Freaky Dancing
- Editor: Paul Gill, Ste Pickford
- Categories: Fanzine, Madchester
- Frequency: Monthly
- Founded: 1989
- First issue: July 1989; 37 years ago
- Final issue Number: August 1990 11
- Country: United Kingdom
- Based in: Manchester
- Language: English

= Freaky Dancing =

At The Haçiendra Nightclub

Freaky Dancing was a fanzine produced for and about The Haçienda nightclub in Manchester during the rise of acid house and the Madchester music scene.

The fanzine was put together by Paul 'Fish Kid' Gill and Ste 'Ste*2' Pickford with contributions from friends and Hacienda regulars. It ran for 11 issues between July 1989 and August 1990. The first eight issues were given away for free to people queuing up outside the club on a Friday night. Subsequent issues were sold in shops and bars around Manchester and London.

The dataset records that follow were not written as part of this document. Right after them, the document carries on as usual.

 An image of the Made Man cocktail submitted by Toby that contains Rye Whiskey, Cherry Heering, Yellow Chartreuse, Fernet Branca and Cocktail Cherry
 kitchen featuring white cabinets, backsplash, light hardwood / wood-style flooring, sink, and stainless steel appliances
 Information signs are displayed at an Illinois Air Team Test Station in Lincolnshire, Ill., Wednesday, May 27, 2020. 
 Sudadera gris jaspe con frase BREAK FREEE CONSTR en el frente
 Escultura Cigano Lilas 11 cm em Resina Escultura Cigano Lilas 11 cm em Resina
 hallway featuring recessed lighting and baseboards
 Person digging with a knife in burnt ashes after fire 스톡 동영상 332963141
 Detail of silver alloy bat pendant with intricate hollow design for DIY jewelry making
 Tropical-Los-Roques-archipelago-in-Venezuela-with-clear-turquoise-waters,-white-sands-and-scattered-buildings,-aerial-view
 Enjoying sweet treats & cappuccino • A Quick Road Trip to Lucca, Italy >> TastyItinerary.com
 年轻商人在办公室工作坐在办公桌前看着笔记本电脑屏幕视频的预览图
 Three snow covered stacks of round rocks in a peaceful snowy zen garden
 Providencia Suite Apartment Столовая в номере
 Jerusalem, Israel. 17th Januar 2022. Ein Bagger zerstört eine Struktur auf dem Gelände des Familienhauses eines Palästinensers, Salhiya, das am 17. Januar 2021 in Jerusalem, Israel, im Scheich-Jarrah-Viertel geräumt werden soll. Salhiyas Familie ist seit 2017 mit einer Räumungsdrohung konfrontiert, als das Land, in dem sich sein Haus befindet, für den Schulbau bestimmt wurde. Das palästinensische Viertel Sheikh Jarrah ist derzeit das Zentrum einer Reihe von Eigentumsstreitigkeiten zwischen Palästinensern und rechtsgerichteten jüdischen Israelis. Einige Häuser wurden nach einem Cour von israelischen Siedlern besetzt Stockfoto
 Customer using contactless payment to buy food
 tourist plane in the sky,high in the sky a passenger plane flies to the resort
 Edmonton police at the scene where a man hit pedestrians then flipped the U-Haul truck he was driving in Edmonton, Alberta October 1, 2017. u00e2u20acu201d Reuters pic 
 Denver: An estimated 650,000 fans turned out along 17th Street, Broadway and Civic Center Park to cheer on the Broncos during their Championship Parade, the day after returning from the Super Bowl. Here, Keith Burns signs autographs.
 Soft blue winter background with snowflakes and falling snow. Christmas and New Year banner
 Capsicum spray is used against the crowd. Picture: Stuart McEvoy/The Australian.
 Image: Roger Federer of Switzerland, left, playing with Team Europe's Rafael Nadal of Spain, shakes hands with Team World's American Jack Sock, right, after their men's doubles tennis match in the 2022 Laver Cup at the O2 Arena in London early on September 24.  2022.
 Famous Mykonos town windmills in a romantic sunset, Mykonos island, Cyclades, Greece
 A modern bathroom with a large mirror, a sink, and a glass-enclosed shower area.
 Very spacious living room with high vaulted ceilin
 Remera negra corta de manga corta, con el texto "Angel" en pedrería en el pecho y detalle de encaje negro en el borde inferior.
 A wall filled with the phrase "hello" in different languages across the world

Its subject matter has been described by Sarah Champion (journalist) "for and about kids in the queue for the Hacienda! Such editorial scope. Getting to, in and home from The Hac".

Describing the early distribution of the fanzine, co-owner of the Hacienda Tony Wilson wrote in his autobiography "Nobody complained about the queue. Which was why people loved it. Which was why a fanzine, Freaky Dancing, was written for the queue".

As the club became increasingly popular, Peter Hook of New Order added "Queues became even more lengthy; the distribution of the fanzine Freaky Dancing... did little to make this aspect of the experience seem more appealing."

The fanzine came to an end as the Madchester scene disintegrated into drug-fueled paranoia "People we're getting over the top. A lot of people became casualties. Freaky Dancing never came out again. It just died."

Freaky Dancing was a subject in the 1990 Granada TV documentary about the Madchester scene 'Celebration: Madchester - Sound of the North'.

A compilation of the fanzine was published by The Quietus in March 2019.

==Books==
- Freaky Dancing: The Complete Collection The Quietus, 2019. ISBN 978-1725660892.